◆ BRIEF
Given the records underneath, please repeat exactly the lines from the line with "Ισπανία: Σχεδόν 50.000" through the line with "533 Coventry - Photo 13", passing over any picture.

◆ MATERIAL FOR THIS TASK

================================

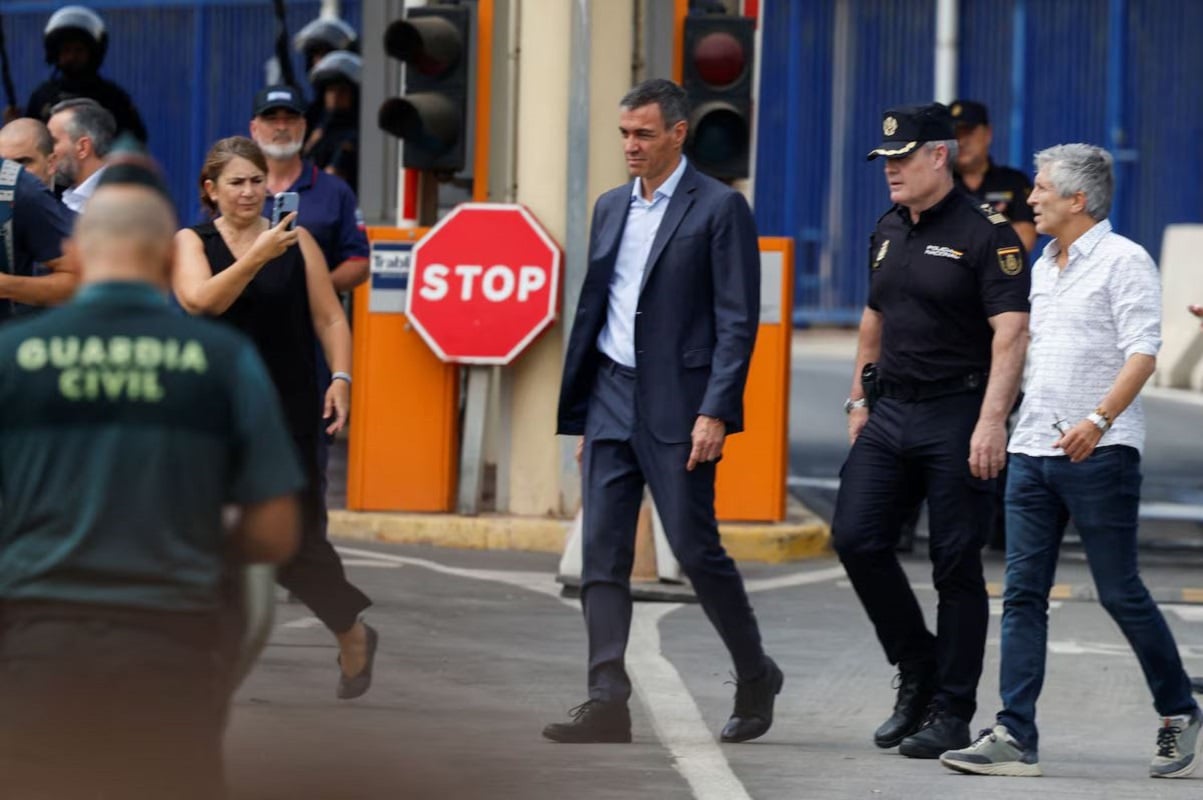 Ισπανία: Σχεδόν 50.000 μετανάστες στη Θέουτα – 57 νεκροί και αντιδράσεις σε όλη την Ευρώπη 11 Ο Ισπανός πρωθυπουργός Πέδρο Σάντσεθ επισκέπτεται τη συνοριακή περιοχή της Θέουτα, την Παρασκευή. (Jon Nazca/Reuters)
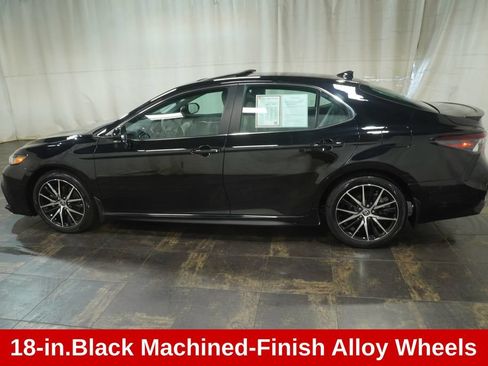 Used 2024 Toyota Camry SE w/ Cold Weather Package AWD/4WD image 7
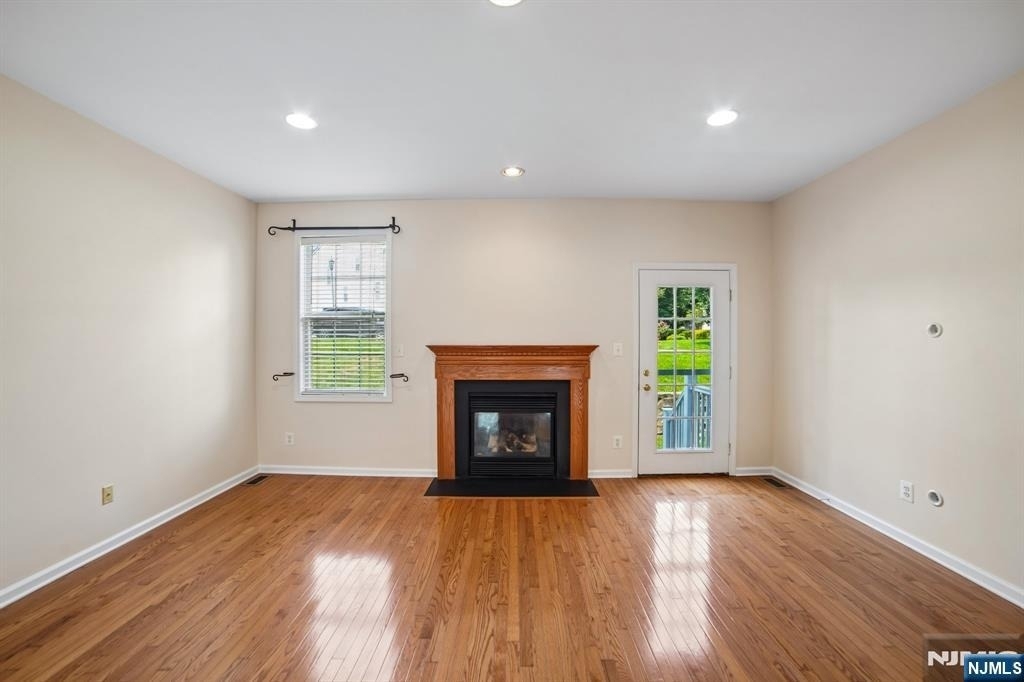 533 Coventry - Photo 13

================================

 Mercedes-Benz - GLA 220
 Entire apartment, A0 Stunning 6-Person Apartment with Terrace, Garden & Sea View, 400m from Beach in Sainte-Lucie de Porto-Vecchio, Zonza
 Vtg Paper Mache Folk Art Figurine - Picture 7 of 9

================================

◆ RESULT
 Ισπανία: Σχεδόν 50.000 μετανάστες στη Θέουτα – 57 νεκροί και αντιδράσεις σε όλη την Ευρώπη 11 Ο Ισπανός πρωθυπουργός Πέδρο Σάντσεθ επισκέπτεται τη συνοριακή περιοχή της Θέουτα, την Παρασκευή. (Jon Nazca/Reuters)
 Used 2024 Toyota Camry SE w/ Cold Weather Package AWD/4WD image 7
 533 Coventry - Photo 13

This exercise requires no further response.